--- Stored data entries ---
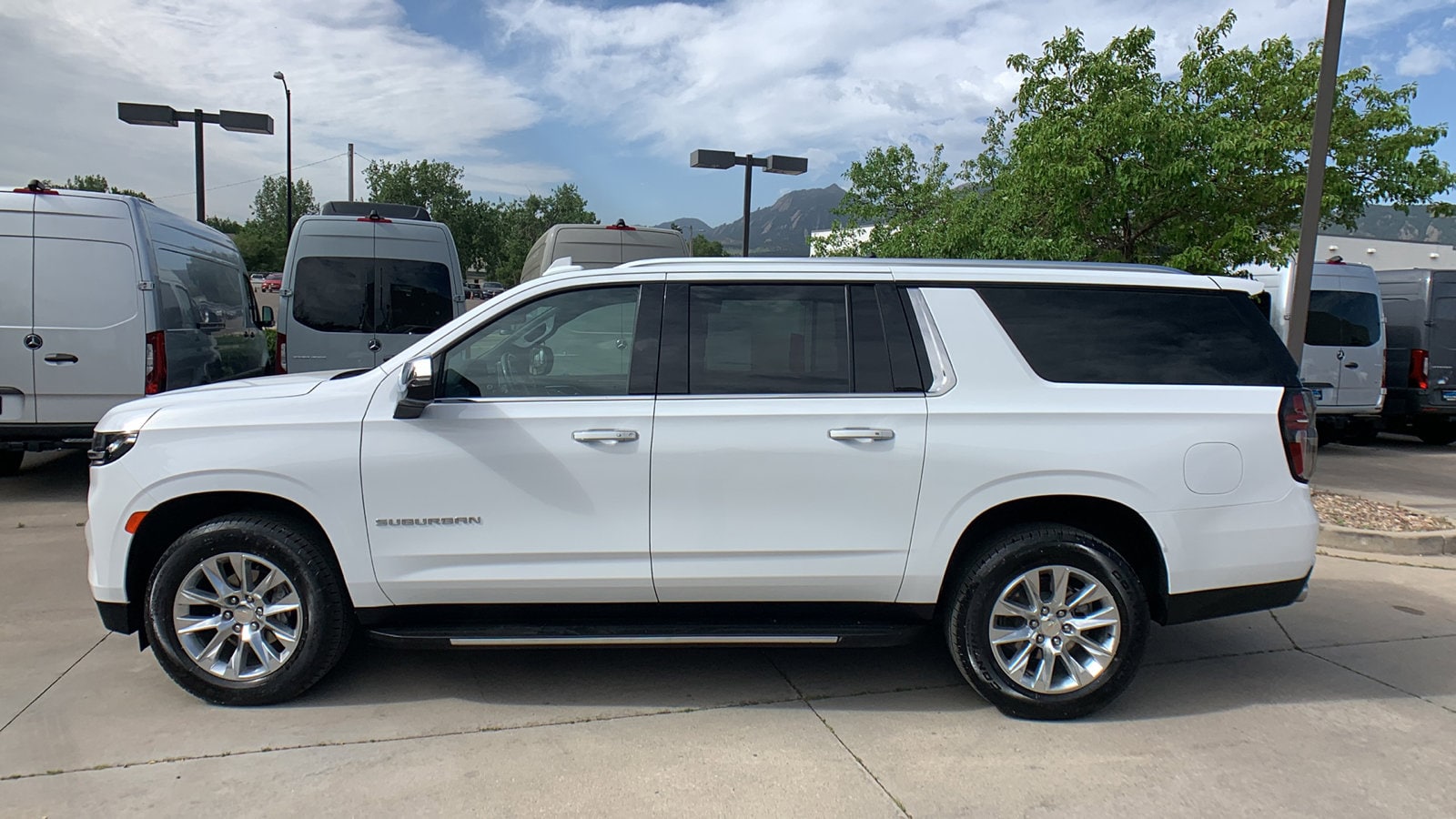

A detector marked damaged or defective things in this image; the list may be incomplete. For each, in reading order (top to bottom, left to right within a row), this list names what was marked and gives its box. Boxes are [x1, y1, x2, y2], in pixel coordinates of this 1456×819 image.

pavement crack [0, 632, 107, 734]
pavement crack [763, 655, 908, 815]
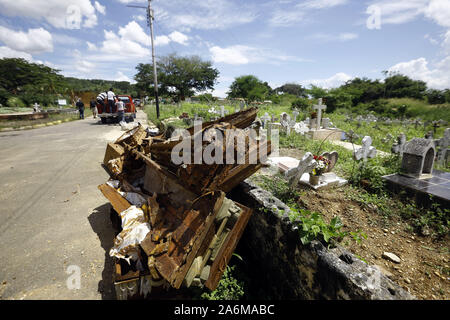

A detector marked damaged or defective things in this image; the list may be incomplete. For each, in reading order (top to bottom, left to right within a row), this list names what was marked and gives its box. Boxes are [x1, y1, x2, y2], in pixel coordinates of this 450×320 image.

splintered wood [98, 109, 268, 298]
rusted metal debris [99, 108, 270, 300]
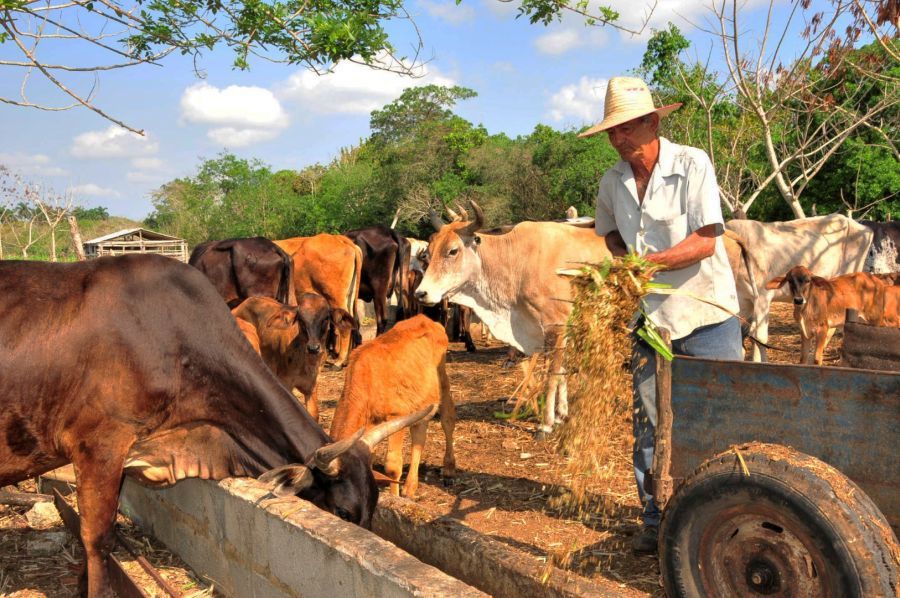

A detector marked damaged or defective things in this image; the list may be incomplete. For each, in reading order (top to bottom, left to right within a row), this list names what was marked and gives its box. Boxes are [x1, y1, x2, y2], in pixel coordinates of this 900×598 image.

rusty cart side panel [660, 358, 900, 532]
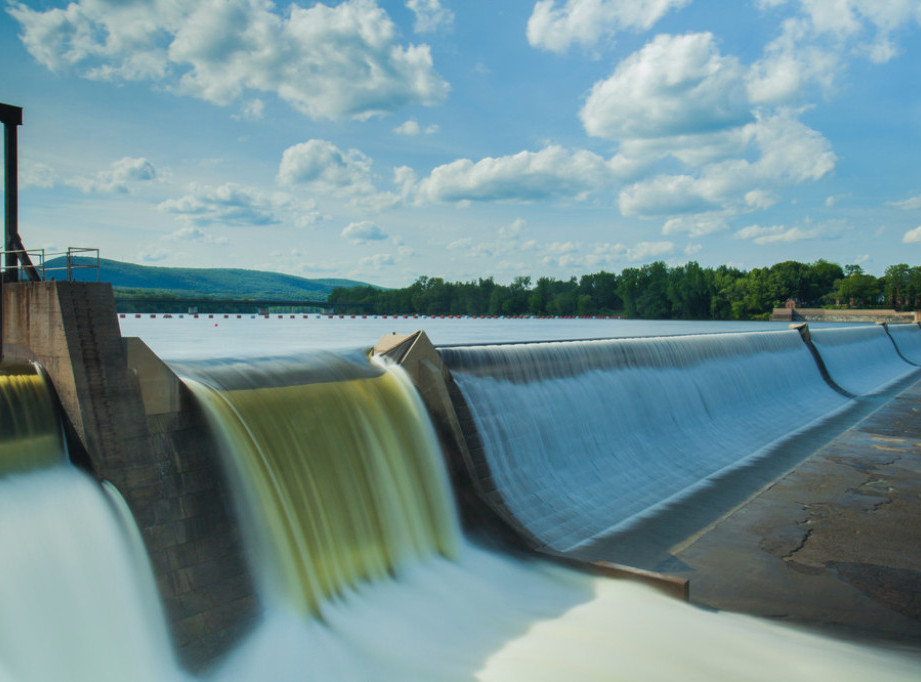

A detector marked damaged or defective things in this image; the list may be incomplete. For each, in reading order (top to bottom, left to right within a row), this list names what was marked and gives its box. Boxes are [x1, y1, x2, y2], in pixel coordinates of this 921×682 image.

cracked concrete [668, 380, 920, 644]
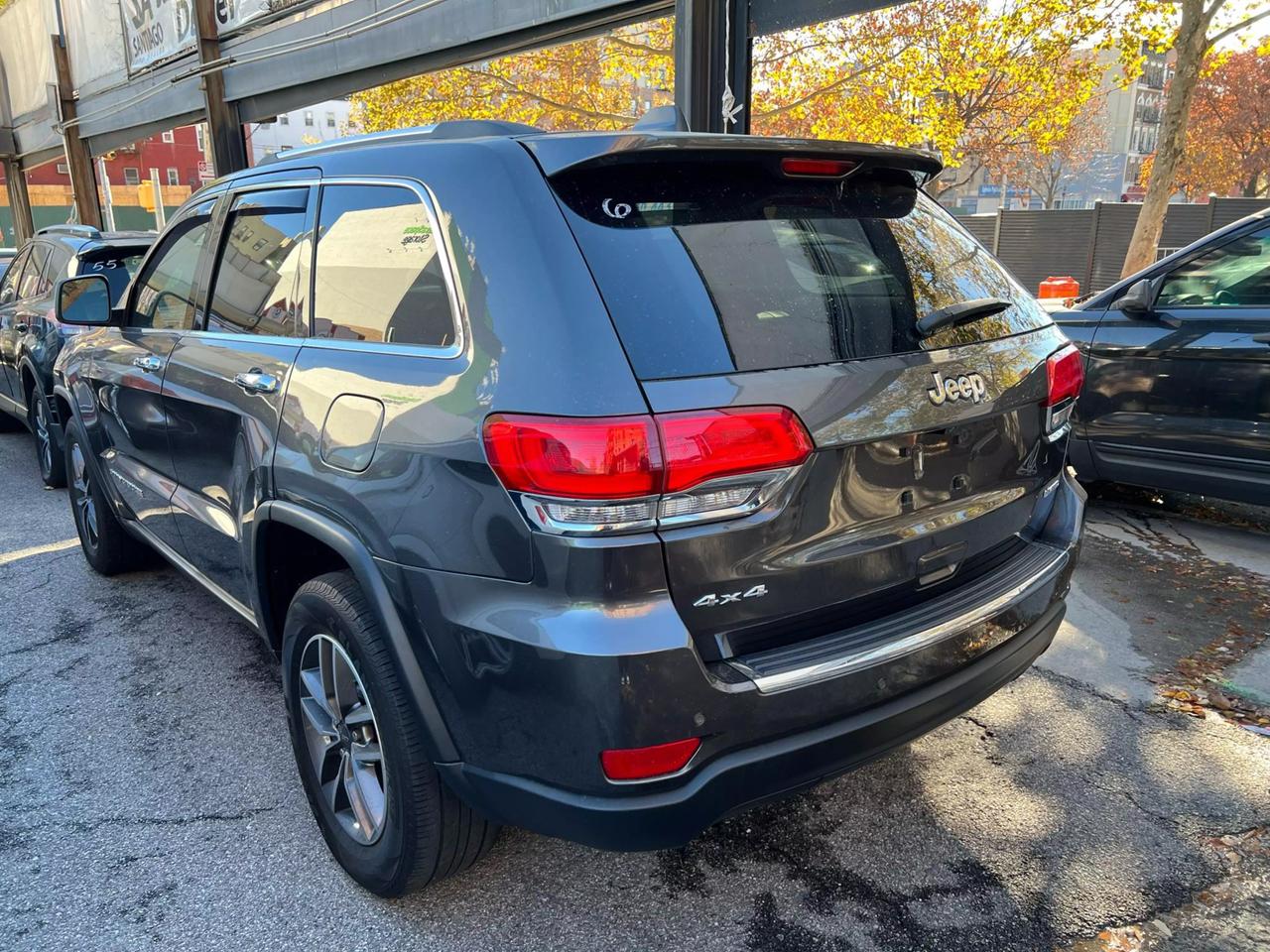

--- Exercise directions ---
The lines from the one containing "this 450×320 image." through the last line of the data above are to be transcribed exactly, both included, with all pictures left out.

--- Response below ---
A detector marked damaged or defective things in this image; the list may be incomplete. For each, in reading order (top to bottom, left to right within a row), this list names what was marked and gives its box. Boxes are [x1, y1, x2, y2], in pixel coordinates of this 450×320 image.

splintered wood [98, 109, 268, 298]
rusted metal debris [99, 108, 270, 300]

A detector marked damaged or defective things in this image; the list may be incomplete. For each, in reading order (top to bottom, left to right within a row), this list names what was marked and gives its box. Boxes are [x1, y1, x2, y2], in pixel coordinates of this 900×598 image.

rusty cart side panel [660, 358, 900, 532]

A detector marked damaged or defective things in this image; the list may be incomplete. For each, in reading order (top to bottom, left to right within a row), this list names what was marked and gives its box. Boxes are [x1, y1, x2, y2], in pixel coordinates of this 921×682 image.

cracked concrete [668, 380, 920, 644]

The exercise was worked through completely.